COLUMN: Aging in Enlightened Society
article by Nan Clydesdale

It is not by muscle, speed, or physical dexterity that great things are
achieved, but by reflection, force of character, and judgment; in these
qualities old age is usually not only not poorer, but it is even richer.
— Cicero

At the age of 82 years, Martha Hildreth embodies genuineness and is unwilling to compromise her integrity in order to satisfy the expectations of others or win their approval. She will consistently say what she means, do what she says, and say what’s so when it’s so.

Martha and her buddy Shelli

Martha and her buddy Shelli

It is out of force of character that Martha started an addiction recovery group at the Denver Shambhala Center almost fifteen years ago.

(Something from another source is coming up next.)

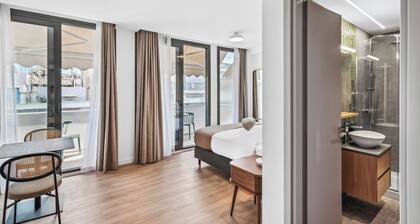 Limehome Piraeus Olive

Back in 2000 five people showed up; today as many as forty attend weekly recovery meetings. She recalls she began this work at the direction of her friend and teacher, Pema Chodron. In 1999, Martha asked Pema what she should do for the sangha and for her own Buddhist path. Pema told Martha that Shambhala would benefit from someone who understood addiction and Buddhism and that was her job: to bring awareness of addiction to the Shambhala sangha.

Martha has thirty five years of recovery from alcoholism, step work and sponsorship, as well as twenty-two years on the Shambhala path, serving our community as a Meditation Instructor and Teacher. Before retiring, Martha was a program consultant and addiction counselor at a rehab treatment center in Tucson.

The sky was a clear Colorado blue and her garden ablaze with fall color when Dave Garton interviewed Martha about her 12 Fold Path work and how it has affected her personally. Dave has been in recovery and a Shambhala Buddhist for thirty years. He regularly attends the Wednesday night recovery meetings at the Denver Center.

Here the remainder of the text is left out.